Digging deeper into retail patterns and the impact of the transient mobile consumer, I’ve begun to change my thinking about gender-based control of household spending.
For many
years, I believed that the woman was the gateway to brand loyalty, influencing not only Gen-X but Baby Boomers and their Millennial friends. Mobile trends only reinforced my beliefs. Woman have
control at all points of purchase, at home, on the run, have access to more information than they ever have and payment options were endless.
What I didn’t expect was what’s
happening with men and the mass adoption of tablets. Picture this:
Everyone has a mobile, but now they are smarter, bigger and more fun, and are replacing the PC at home. Tablets =
increased browse and shopping behavior. According to Shopgate Mobile Commerce Index, when it comes to mobile average order value, tablets beat smartphones, Apple tops Android, and men spend more
than women. The values of online retail directly lines up with why men buy online:
- Access to better prices
- Easier roduct comparison
- Discreet
purchases
- More variety
- Less expensive to shop
- Lack of crowds thereof
While retail spending for men is still only a percentage of women’s total
spend, still online retailers had better pay a lot more attention to this gender and the mobile device patterns.
As marketers try to optimize holidays, special events and the daypart
patterns of tablets and mobile consumption of email, they are also trying to optimize content at the point of engagement. All in all, it just got a lot harder. Do you send in the
morning, as you normally do? Do you send and then optimize send time and let behaviors dictate patterns? Do you send and deliver content on demand, so regardless of device or time, your
offer/content is on-point?
First we have to ensure we get it into consumers’ primary inbox. Second we have to try to get it there when it’s not stacked under 20
other promotions. We have to consider the effects of mobile triage, vs tablet browsing behavior. We have to worry about content, to minimize the production complexity involved in
personalizing the right product offerings to the right audience. Now you need to separate gender on top of that? For some retailers, this is quite a challenge to know what to do first,
last and what to repeat.
My belief is that daypart patterns will dictate purchase patterns, as they always have. Mobile and geo location will help with Mobile POS challenges, but
don’t translate to online commerce and a reach challenge.

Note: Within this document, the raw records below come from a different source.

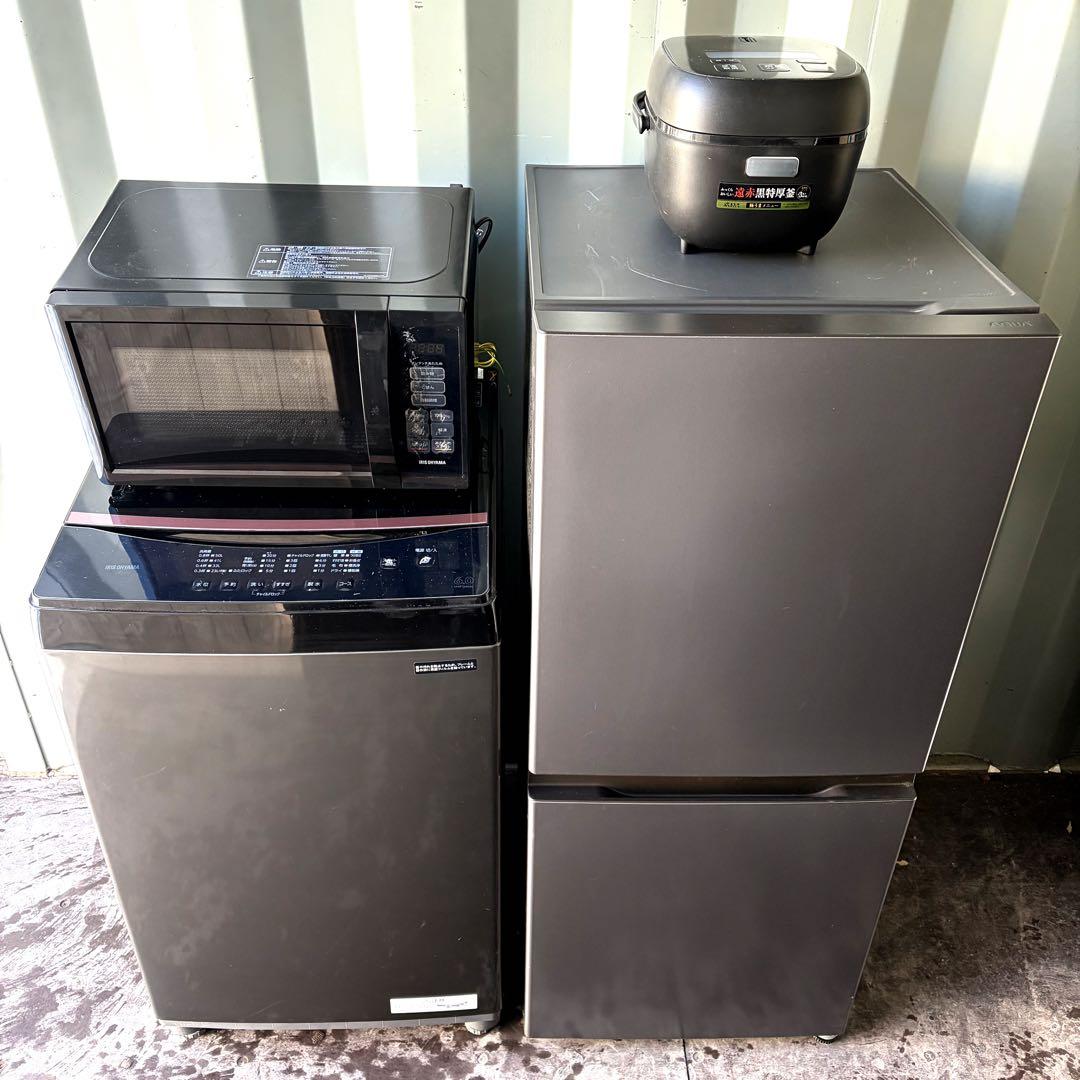 運搬取付無料！ブラック純正IRIS・AQUAおしゃれ家電4点セット！完動超美品！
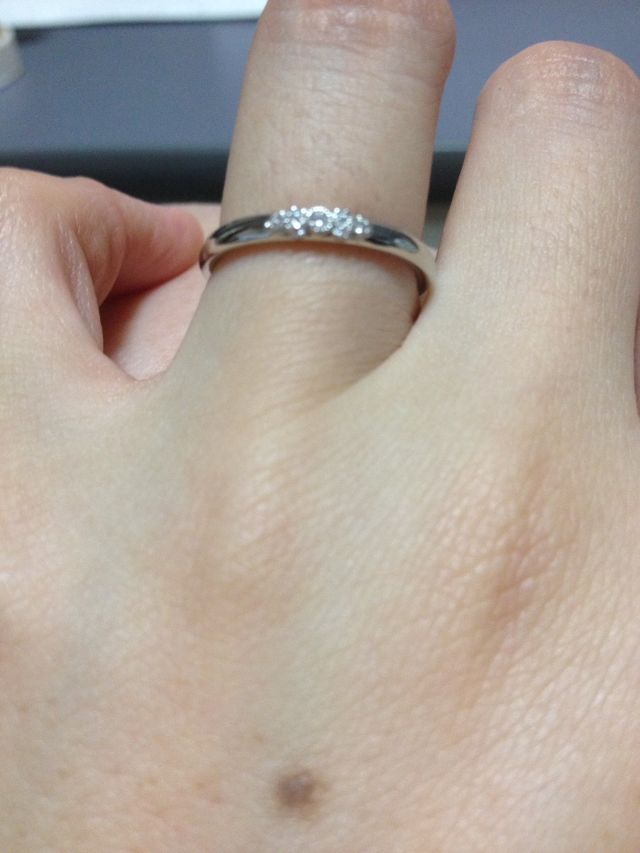 レースのモチーフの中にダイヤモンドが付いています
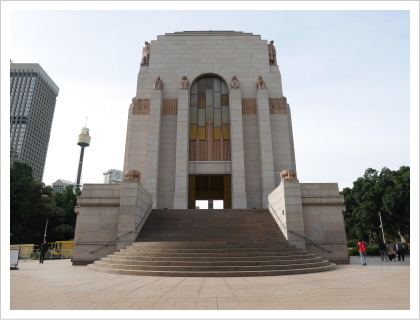 AUbNEAiAnzac Memorialj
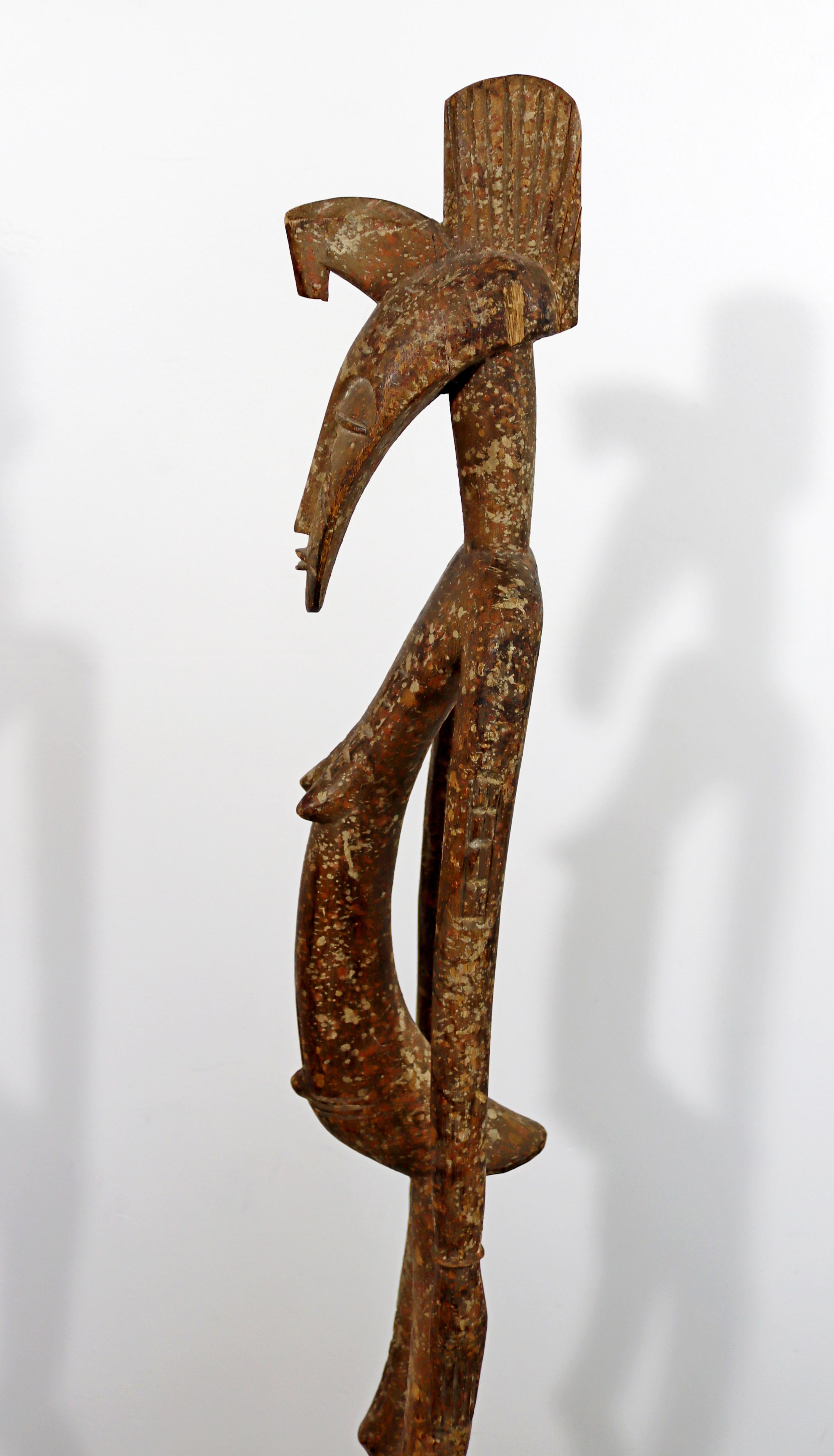 Vieille sculpture de sol en bois sculpté représentant une femme prégnante africaine de fertilité en vente 3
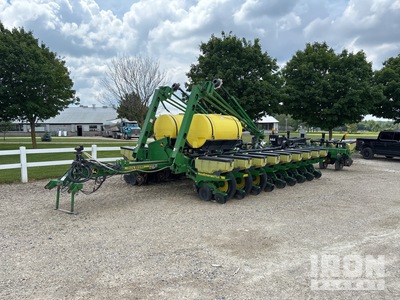 2003 John Deere 1770 MaxEmerge Plus 24 Row No-Till Planter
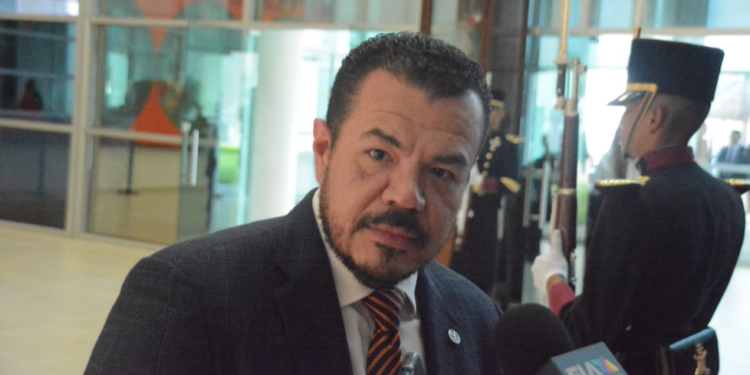 «No me voy», aclara rector de la UAT.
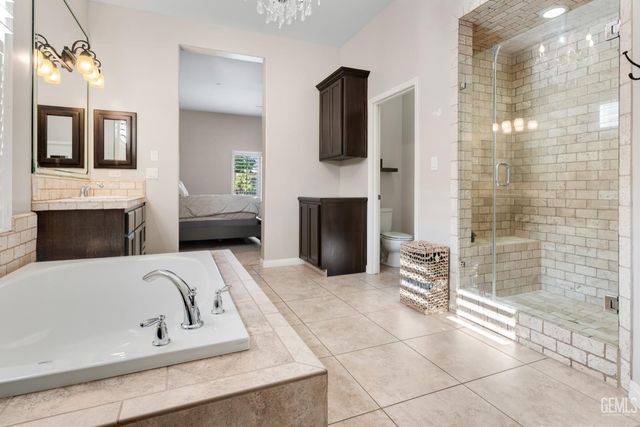 13012 Plumas Wood Lane, Bakersfield, CA 93314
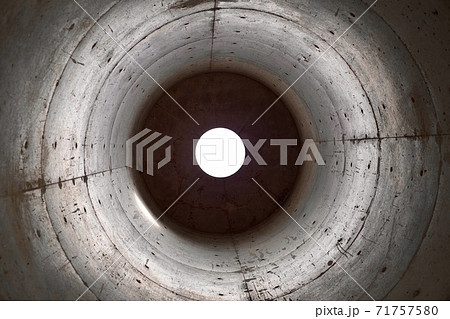 円柱状のコンクリート建造物 71757580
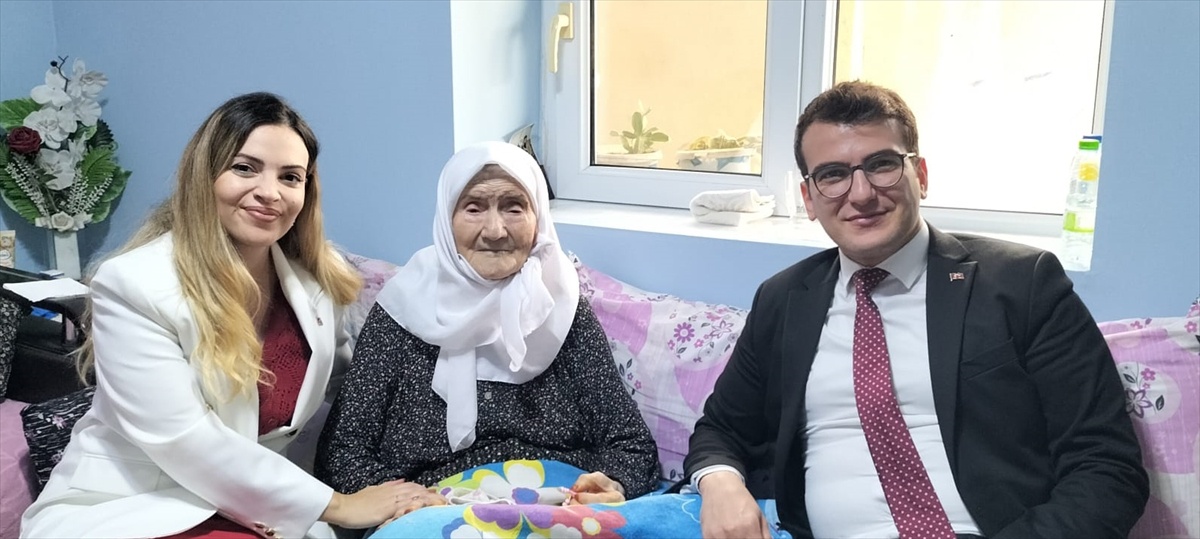 Afyonkarahisar Evciler'de ilçenin en yaşlısı Saliha Ata'nın 100. yaş günü kutlandı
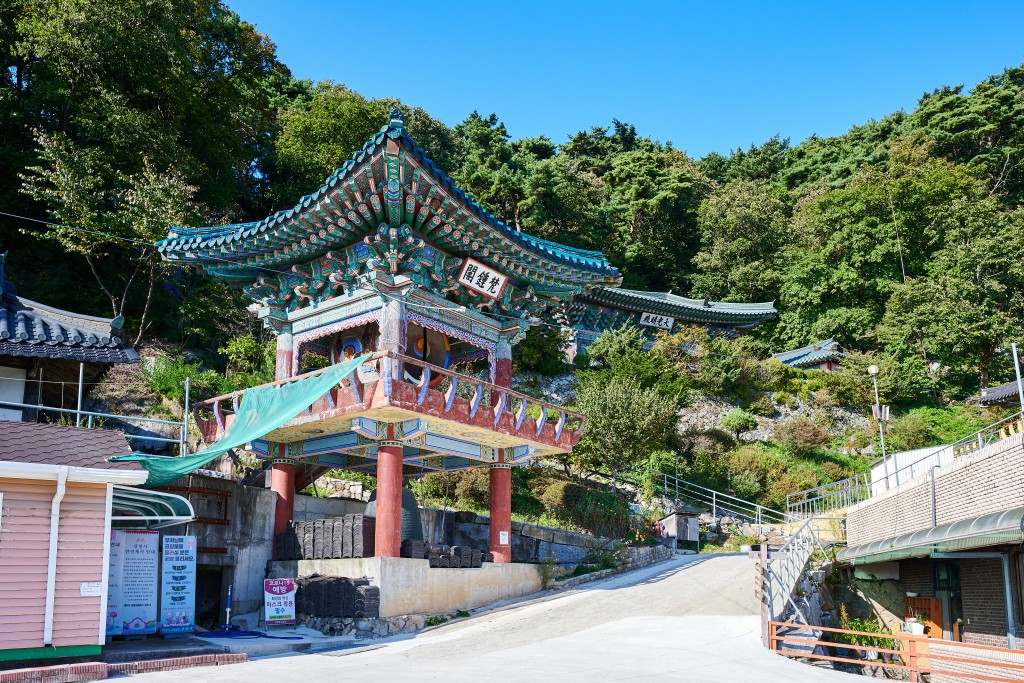 제천 강천사 범종각 
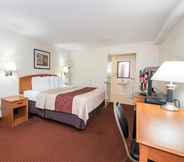 Bedroom 2 Red Roof Inn Columbus Northeast - Westerville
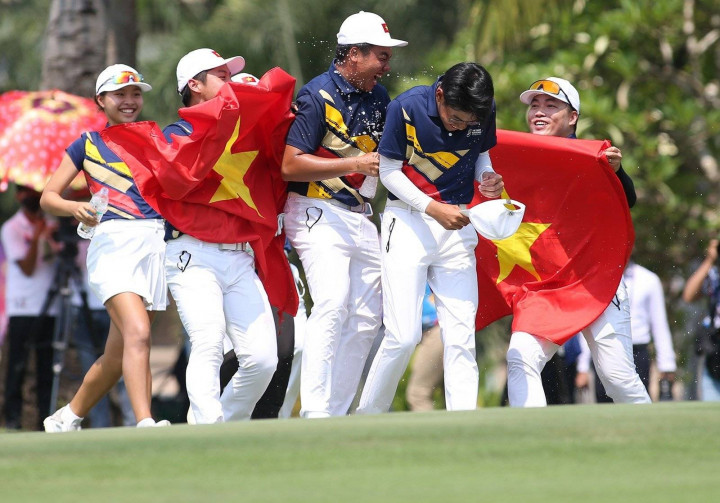 Lê Khánh Hưng và hành trình tới chiếc huy chương vàng lịch sử cho golf Việt Nam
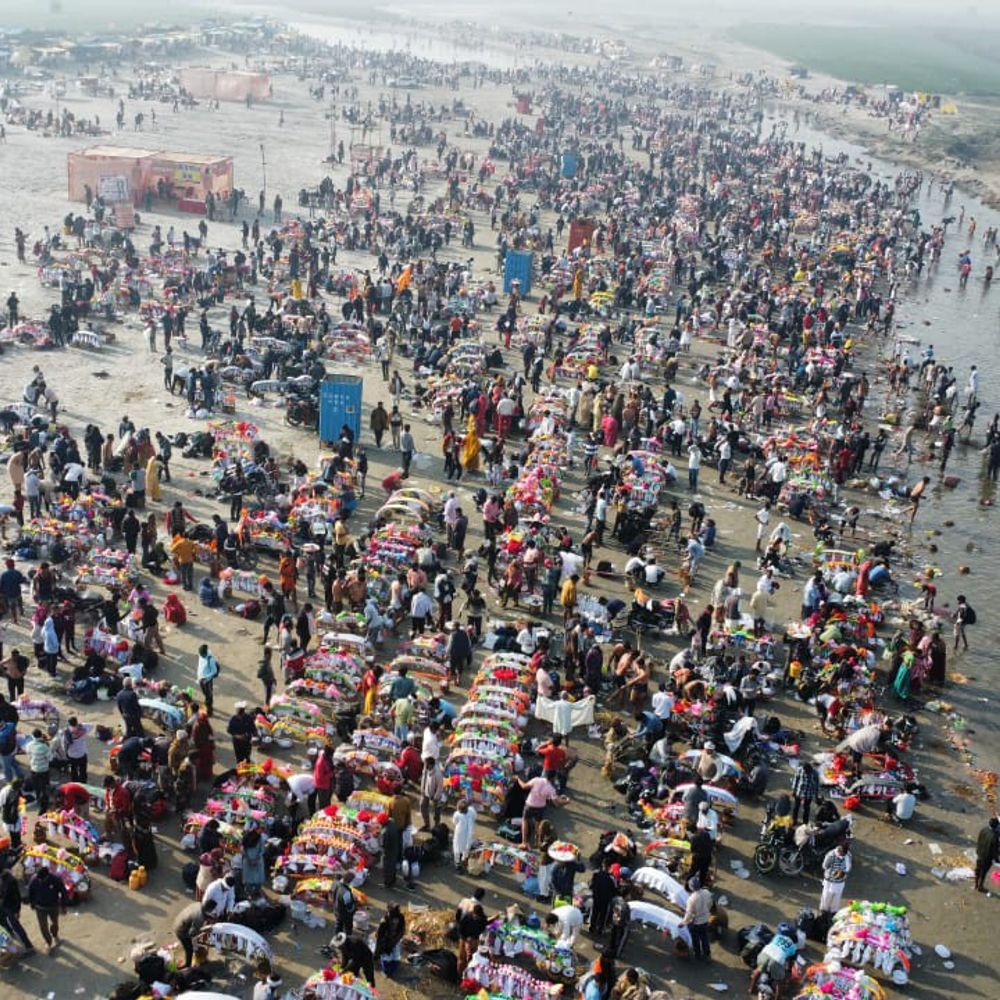 महाशिवरात्रि से पहले लहरा घाट पर कांवड़ियों की भीड़:सुरक्षा के लिए पुलिस ने ड्रोन से की निगरानी, भारी फोर्स तैनात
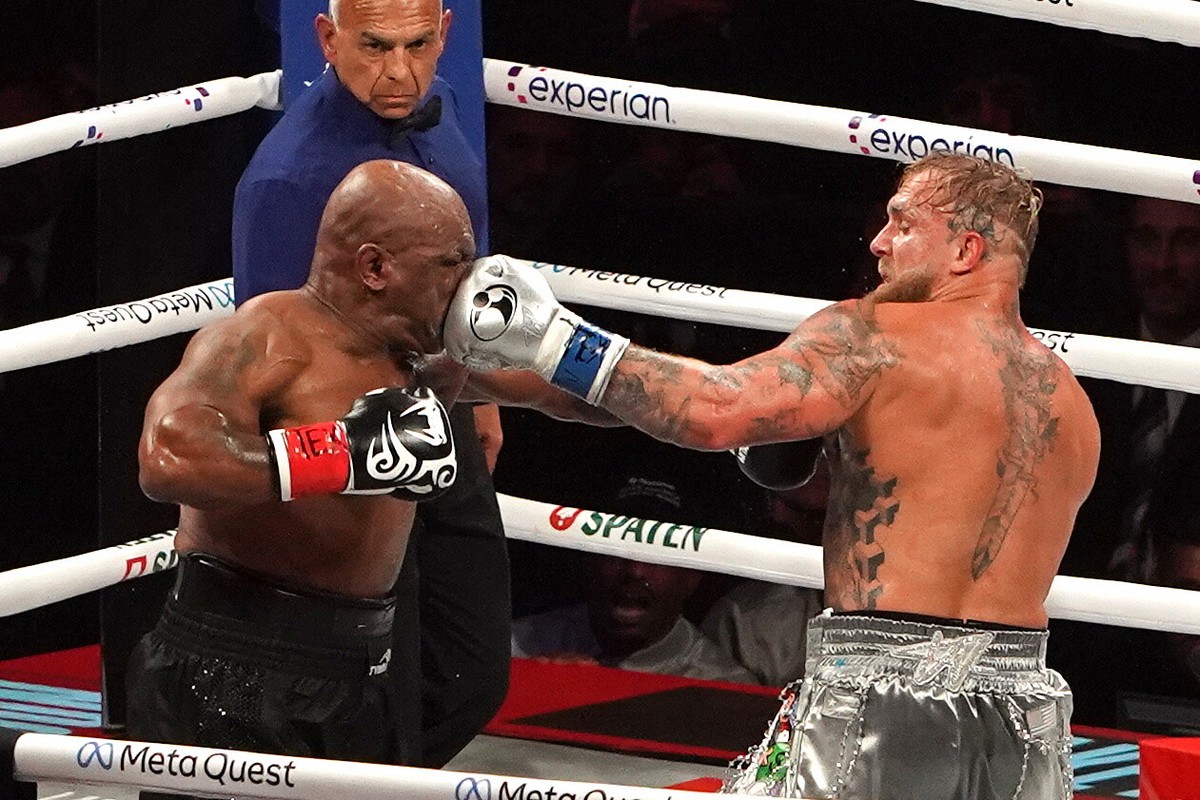 Jake Paul - Mike Tyson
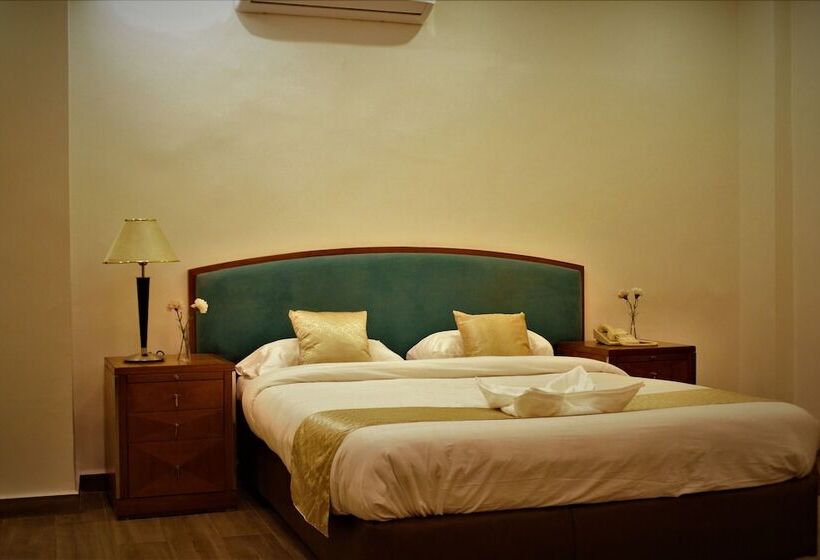 هتل New Merryland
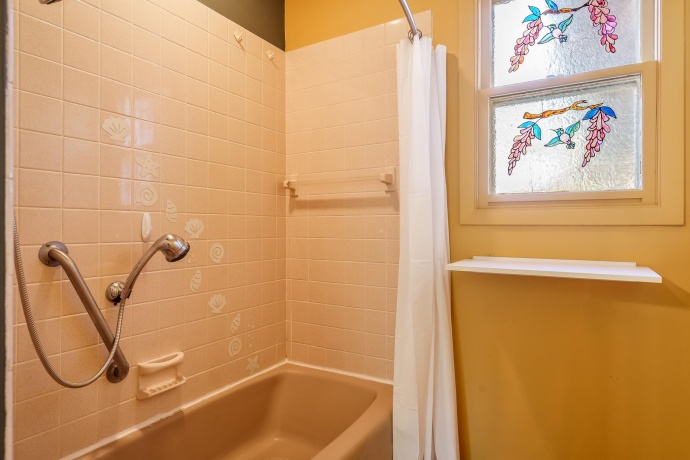 3107 La Salle, ROCKFORD, Illinois 61114, 5 Bedrooms Bedrooms, ,2 BathroomsBathrooms,House,For Sale,La Salle,202507081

Here are a few things I’d do:
- Target men at night when they are shopping (to optimize online
retail).
- Target women in the morning (for browsing and share-worthy content), but do it after 9 and assume they are using their smartphones.
- Turn on Send Time Optimization for
daily readership email types (publisher) and let it optimize reach and engagement based on proven patterns (review four times a year).
- Use RealTime content for the infrequent responder,
where relevant content is at a premium.
As Winston Churchill said, “It’s always wise to look ahead, but difficult to look further than you can see.”